# Worker Processes
Workers are the processes that generate load for scenarios. They run
inside the VM, each in its own cgroup.
## Fork, not threads
Workers are `fork()`ed processes. Cgroups operate on PIDs, so each
worker must be a separate process to be independently placed in a
cgroup.
## Two-phase start
Workers wait on a pipe for a "start" signal after fork:
1. Parent forks the worker.
2. Worker installs SIGUSR1 handler, then blocks on pipe read.
3. Parent moves the worker to its target cgroup.
4. Parent writes to the pipe, signaling the worker to start.

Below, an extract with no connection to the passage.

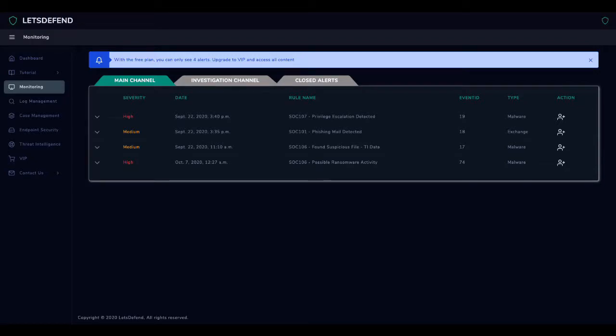Example Investigation. In order to start investigating alerts, we must first start working by taking the relevant alert on the main channel.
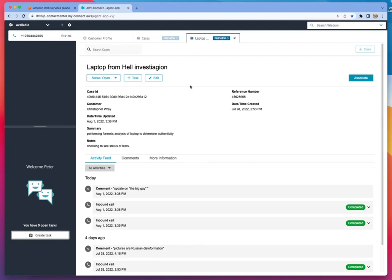Once again, these are permission based. So the agent has to have permissions for customer profiles and or cases.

This ensures workers run inside their target cgroup from the first
instruction of their workload.
### Custom work types
`WorkType::Custom` workers follow the same two-phase start (fork,
cgroup placement, start signal), and the framework applies affinity
and scheduling policy before handing control to the user function.
After setup, the `run` function pointer takes over entirely --
the framework work loop is bypassed.
## Stop protocol
Workers install a SIGUSR1 handler that sets an atomic `STOP` flag. The
main work loop checks this flag each iteration. On stop:
1. Parent sends SIGUSR1 to all workers.
2. Workers exit their work loop.
3. Workers serialize their `WorkerReport` to a pipe.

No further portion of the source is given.